Por Arturo González González
México, en náhuatl, quiere decir “ombligo de la Luna”. México hoy puede convertirse en el ombligo de la nueva globalización. En el siglo XVII la Nueva España estuvo a punto de ser el centro de la primera globalización de la historia. Además de sus dominios en América, el Imperio español había conquistado las Filipinas, de importancia estratégica para la ruta hacia China. Durante unas décadas, la Nueva España fue el corazón del comercio interoceánico entre el Pacífico y el Atlántico. El Galeón de Manila salía del archipiélago filipino para atracar en el puerto de Acapulco, y de Veracruz zarpaba la nave que conectaba al virreinato con la metrópoli.

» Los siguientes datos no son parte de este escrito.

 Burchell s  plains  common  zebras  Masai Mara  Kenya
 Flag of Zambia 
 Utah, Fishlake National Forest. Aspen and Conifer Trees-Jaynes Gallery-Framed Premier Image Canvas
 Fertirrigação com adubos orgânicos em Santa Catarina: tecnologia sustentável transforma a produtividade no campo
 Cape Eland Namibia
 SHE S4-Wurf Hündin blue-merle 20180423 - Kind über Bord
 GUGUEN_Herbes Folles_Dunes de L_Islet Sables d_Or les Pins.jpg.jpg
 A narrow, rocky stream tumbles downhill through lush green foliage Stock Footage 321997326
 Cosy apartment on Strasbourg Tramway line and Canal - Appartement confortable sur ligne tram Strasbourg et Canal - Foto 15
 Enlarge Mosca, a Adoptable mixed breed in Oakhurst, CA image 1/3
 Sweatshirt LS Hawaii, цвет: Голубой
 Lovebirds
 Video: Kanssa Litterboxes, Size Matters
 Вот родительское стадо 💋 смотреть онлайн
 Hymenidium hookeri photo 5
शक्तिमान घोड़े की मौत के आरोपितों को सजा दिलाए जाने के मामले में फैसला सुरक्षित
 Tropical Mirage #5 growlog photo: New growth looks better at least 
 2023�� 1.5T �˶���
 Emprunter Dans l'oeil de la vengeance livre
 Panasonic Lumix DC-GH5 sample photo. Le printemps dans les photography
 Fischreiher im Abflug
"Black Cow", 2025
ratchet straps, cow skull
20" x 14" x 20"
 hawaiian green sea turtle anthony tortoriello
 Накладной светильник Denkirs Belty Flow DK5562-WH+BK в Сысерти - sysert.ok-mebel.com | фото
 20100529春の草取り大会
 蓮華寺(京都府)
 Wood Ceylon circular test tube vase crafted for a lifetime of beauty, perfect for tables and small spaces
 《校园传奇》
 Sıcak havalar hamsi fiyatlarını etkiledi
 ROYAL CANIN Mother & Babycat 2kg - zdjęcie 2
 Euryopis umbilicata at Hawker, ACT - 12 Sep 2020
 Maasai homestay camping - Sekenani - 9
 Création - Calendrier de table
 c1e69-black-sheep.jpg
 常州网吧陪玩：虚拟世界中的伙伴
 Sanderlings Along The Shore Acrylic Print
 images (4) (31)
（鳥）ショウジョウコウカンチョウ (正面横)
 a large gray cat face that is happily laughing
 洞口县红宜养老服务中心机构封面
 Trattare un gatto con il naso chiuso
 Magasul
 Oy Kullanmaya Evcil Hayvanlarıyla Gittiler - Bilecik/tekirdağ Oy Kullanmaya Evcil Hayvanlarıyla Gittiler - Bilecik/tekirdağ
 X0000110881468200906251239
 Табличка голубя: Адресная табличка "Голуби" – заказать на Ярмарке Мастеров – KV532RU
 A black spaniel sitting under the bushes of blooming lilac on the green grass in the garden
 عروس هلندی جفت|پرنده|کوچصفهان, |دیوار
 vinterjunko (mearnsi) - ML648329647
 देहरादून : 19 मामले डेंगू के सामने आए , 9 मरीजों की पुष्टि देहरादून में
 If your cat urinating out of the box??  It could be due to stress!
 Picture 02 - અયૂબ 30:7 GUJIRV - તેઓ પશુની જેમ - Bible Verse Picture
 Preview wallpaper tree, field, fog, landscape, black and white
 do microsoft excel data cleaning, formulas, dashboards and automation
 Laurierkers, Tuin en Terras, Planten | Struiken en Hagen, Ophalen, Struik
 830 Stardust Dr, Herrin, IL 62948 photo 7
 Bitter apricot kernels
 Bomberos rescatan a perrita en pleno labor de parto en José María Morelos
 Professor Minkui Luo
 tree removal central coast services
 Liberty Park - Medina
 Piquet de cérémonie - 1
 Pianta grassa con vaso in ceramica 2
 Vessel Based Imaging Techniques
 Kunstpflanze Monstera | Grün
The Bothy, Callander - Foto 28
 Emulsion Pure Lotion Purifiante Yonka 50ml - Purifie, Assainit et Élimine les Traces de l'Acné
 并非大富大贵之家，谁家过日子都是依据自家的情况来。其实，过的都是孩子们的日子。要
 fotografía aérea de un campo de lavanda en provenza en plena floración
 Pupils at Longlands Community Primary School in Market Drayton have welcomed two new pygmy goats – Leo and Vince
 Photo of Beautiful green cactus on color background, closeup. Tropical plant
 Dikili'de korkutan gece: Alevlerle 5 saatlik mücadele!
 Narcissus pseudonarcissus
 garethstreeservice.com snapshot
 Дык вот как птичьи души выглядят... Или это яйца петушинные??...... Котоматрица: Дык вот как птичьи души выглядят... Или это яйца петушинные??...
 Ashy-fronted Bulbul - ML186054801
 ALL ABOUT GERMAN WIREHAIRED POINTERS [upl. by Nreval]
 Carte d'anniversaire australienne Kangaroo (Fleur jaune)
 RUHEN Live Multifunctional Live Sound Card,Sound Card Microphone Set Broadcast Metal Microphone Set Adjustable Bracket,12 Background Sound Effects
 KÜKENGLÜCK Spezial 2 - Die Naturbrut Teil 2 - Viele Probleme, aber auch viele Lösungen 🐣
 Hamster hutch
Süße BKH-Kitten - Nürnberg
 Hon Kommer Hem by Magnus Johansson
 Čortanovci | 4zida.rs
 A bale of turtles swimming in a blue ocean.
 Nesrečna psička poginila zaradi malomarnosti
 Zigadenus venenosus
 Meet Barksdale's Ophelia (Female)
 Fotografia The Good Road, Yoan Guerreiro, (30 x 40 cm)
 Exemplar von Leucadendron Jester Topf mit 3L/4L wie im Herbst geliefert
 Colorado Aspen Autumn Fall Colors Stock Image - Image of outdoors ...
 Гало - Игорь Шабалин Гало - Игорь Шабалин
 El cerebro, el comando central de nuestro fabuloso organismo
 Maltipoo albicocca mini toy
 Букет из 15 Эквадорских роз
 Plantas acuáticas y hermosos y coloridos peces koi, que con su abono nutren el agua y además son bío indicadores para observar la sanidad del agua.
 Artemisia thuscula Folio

No obstante, el impulso autoritario e imperialista de la Monarquía Hispánica descarriló la oportunidad. Para no afectar a los españoles en América, la corona restringió el comercio con Asia limitando las importaciones desde ese continente. Y para proteger los intereses de los potentados en la península Ibérica, puso trabas a las importaciones de productos americanos… salvo el oro y la plata. Además, el Imperio español prohibió el comercio directo entre las colonias americanas, lo que, aunado a las otras restricciones, sofocó a la Nueva España.
El oro y, sobre todo, la plata, fueron extraídos a raudales para satisfacer la obsesión de los Habsburgo de una hegemonía mundial. Toneladas de metales preciosos se gastaron en la corte, el ejército y la armada para sostener las guerras hegemónicas libradas en Europa. Así como llegaba, el metal se iba a los principales centros de producción de Europa, en donde España adquiría los bienes necesarios para sostener su poderío militar y el boato de la corte. Luego, el numerario regresaba en préstamos otorgados por los bancos genoveses en una espiral de endeudamiento insostenible. El Imperio español nunca pudo construir un verdadero poder económico y, en su tropiezo, arrastró a la Nueva España.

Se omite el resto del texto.